● **Recorded information**:

-.-.-

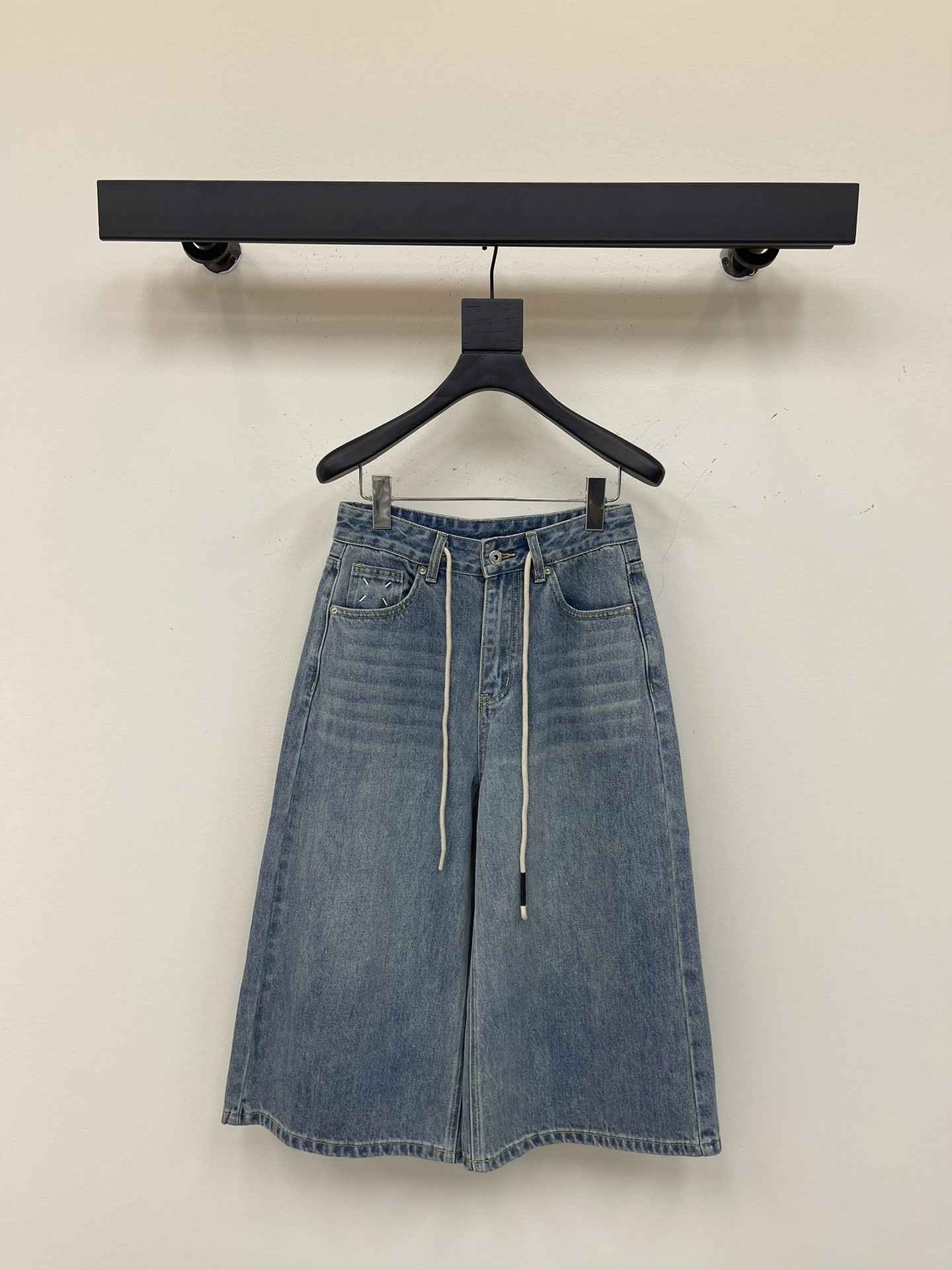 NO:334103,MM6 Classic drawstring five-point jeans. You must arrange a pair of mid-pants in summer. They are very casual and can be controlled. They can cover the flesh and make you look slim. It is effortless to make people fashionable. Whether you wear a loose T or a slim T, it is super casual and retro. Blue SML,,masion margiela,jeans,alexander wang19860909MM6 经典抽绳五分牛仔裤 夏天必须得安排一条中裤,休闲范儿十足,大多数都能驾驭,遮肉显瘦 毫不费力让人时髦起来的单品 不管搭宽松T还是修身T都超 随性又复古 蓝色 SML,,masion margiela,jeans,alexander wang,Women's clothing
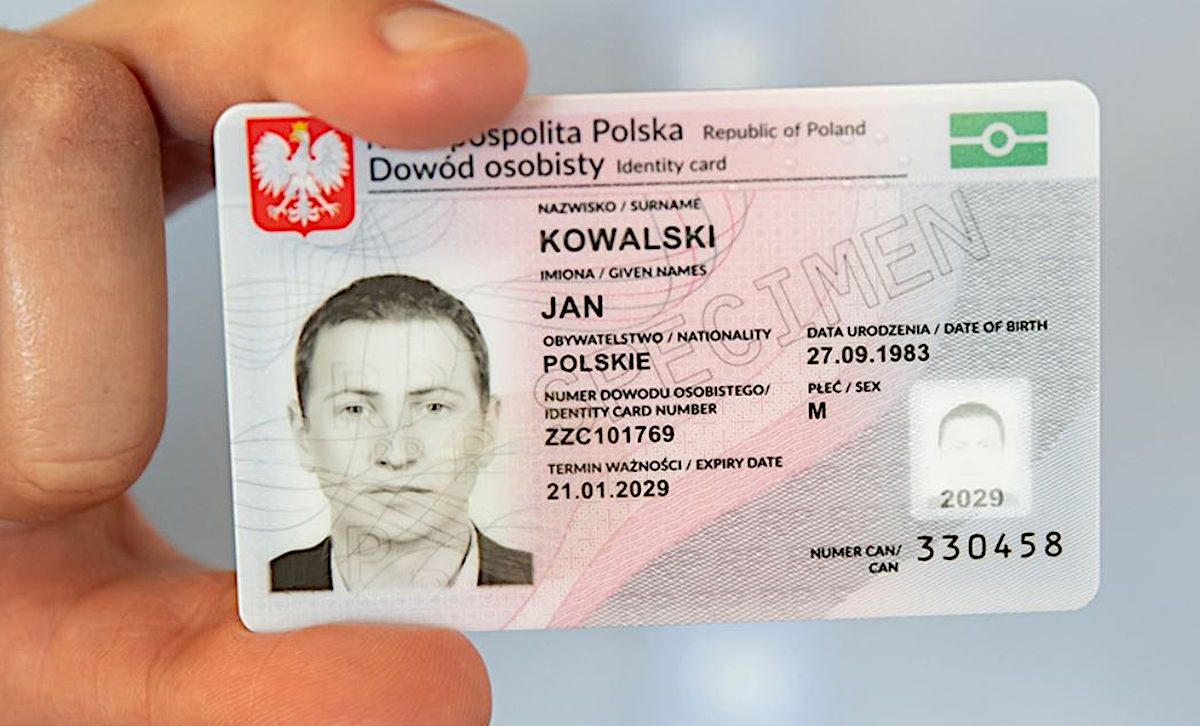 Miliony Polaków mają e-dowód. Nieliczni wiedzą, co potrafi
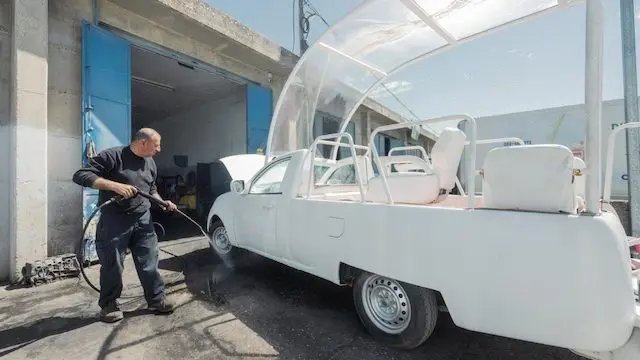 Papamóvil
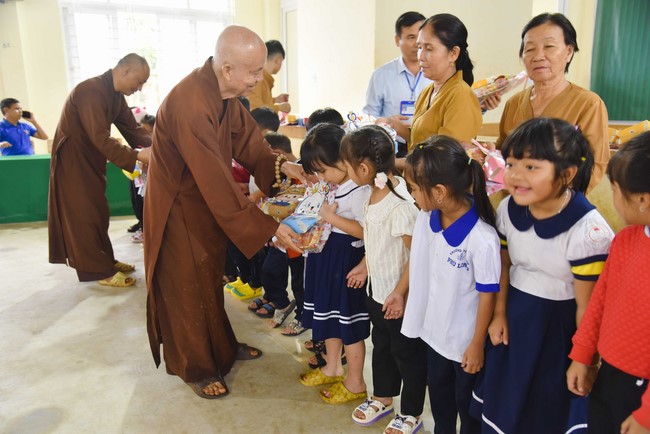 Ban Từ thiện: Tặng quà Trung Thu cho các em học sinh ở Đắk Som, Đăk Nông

-.-.-

Reproduce the material exactly; omit the pictures.

 NO:334103,MM6 Classic drawstring five-point jeans. You must arrange a pair of mid-pants in summer. They are very casual and can be controlled. They can cover the flesh and make you look slim. It is effortless to make people fashionable. Whether you wear a loose T or a slim T, it is super casual and retro. Blue SML,,masion margiela,jeans,alexander wang19860909MM6 经典抽绳五分牛仔裤 夏天必须得安排一条中裤,休闲范儿十足,大多数都能驾驭,遮肉显瘦 毫不费力让人时髦起来的单品 不管搭宽松T还是修身T都超 随性又复古 蓝色 SML,,masion margiela,jeans,alexander wang,Women's clothing
 Miliony Polaków mają e-dowód. Nieliczni wiedzą, co potrafi
 Papamóvil
 Ban Từ thiện: Tặng quà Trung Thu cho các em học sinh ở Đắk Som, Đăk Nông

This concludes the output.